§ **Exercise material**
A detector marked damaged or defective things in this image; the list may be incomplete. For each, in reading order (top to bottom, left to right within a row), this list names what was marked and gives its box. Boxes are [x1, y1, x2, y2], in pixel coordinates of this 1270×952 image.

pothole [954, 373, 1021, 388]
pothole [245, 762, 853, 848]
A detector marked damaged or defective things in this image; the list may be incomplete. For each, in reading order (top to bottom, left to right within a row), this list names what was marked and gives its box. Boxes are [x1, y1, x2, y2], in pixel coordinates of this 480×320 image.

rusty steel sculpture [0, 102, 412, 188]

§ **Exercise description**
All of the records above are to be set down again exactly.

§ **Answer to the problem**
A detector marked damaged or defective things in this image; the list may be incomplete. For each, in reading order (top to bottom, left to right within a row), this list names what was marked and gives its box. Boxes are [x1, y1, x2, y2], in pixel coordinates of this 1270×952 image.

pothole [954, 373, 1021, 388]
pothole [245, 762, 853, 848]
A detector marked damaged or defective things in this image; the list may be incomplete. For each, in reading order (top to bottom, left to right within a row), this list names what was marked and gives its box. Boxes are [x1, y1, x2, y2], in pixel coordinates of this 480×320 image.

rusty steel sculpture [0, 102, 412, 188]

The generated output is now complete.